Comment réagir ? Les collectivités confrontées à ce mouvement durable n’ont en réalité que deux outils à leur disposition.

Réduire la sinistralité.
On l’a vu : la fréquence des sinistres inquiète les assureurs au moins autant que leur coût. Il est donc de l’intérêt des collectivités de réduire le nombre de sinistres déclarés et d’assumer par elle-même les moins coûteux.

Cette formule-là doit les conduire à choisir dans leurs contrats des formules comportant des franchises plus importantes qu’auparavant (1000 €, 1500 € voire 5000 €). Dans un tel scénario, l’assureur aura la certitude de voir le nombre des sinistres se réduire, ce qui réduira d’autant le travail de gestion des sinistres par ses services.

Améliorer la prévention.
Qu’il s’agisse de risque routier ou d’incendie, la réponse la plus durable et la plus efficace demeure la prévention : des véhicules correctement entretenus et des chauffeurs régulièrement formés, une maintenance régulière des toitures et des installations électriques des bâtiments , etc… seront à coup sûr des « bons points » dont l’assureur tiendra compte au moment d’accepter –ou non– d’assurer une collectivité et cela se traduira aussi dans le montant de la prime réclamée.

Des risques naturels mal maîtrisés.
Il ne faut pas cacher que les assureurs sont en outre confrontés à une montée inquiétante des sinistres d’origine naturelle : tempêtes, inondations pluviales, feux de forêt, sécheresse. Les mécanismes légaux d’indemnisation collective (type catastrophes naturelles ou calamités agricoles) montrent toute leur limite face à cette recrudescence. Les pouvoirs publics –quoi qu’ils en disent parfois– ne sont pas forcément mécontents de voir les assureurs faire le « sale boulot » par exemple en refusant d’assurer des immeubles bâtis en zone inondable, en multipliant les franchises cat nat sur les maisons qui se fissurent, etc…

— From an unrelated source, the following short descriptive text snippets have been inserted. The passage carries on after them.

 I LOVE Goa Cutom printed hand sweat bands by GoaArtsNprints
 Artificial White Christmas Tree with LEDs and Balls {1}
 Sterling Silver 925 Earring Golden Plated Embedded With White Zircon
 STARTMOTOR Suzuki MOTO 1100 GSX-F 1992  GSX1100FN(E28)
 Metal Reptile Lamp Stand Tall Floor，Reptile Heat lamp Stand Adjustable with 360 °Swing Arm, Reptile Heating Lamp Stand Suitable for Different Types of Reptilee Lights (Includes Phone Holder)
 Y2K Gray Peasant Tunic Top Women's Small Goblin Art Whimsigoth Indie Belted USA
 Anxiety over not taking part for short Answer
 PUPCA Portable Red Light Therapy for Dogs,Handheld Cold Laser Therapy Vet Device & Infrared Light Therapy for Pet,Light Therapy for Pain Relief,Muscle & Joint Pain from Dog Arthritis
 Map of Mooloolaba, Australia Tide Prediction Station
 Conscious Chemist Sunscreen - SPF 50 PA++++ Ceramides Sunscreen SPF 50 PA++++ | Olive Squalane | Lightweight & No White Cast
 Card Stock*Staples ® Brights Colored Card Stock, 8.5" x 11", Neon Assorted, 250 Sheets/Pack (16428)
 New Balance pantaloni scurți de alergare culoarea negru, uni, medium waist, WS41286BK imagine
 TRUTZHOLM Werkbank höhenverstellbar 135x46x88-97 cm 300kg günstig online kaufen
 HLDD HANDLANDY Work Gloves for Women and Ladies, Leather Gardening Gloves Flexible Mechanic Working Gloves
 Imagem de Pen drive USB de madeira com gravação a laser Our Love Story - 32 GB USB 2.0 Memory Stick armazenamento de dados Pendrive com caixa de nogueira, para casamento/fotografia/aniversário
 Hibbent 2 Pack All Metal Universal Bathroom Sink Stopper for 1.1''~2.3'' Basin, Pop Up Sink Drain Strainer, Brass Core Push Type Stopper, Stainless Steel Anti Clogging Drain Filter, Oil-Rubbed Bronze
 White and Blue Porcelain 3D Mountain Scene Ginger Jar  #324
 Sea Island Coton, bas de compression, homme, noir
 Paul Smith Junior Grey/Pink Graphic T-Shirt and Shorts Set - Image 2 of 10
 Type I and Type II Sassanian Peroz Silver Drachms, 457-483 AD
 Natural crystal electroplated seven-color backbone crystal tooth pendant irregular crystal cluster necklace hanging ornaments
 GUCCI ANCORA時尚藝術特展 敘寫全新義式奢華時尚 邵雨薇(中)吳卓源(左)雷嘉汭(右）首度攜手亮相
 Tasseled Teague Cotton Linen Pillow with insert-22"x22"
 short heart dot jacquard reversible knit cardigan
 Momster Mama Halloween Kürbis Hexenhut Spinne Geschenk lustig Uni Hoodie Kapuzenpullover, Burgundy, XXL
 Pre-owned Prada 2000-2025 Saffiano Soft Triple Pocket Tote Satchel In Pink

De ce côté-là malheureusement, il est peu probable que le risque, notamment climatique, s’atténue. Il est donc vraisemblable que les assurés, publics et privés, constateront dans les prochaines années une sélection des risques de plus en plus draconienne de la part des compagnies et une hausse sans doute durable des primes d’assurances.

Mieux vaut donc s’y préparer en acceptant sa part de risque et en améliorant les actions de prévention dans les collectivités.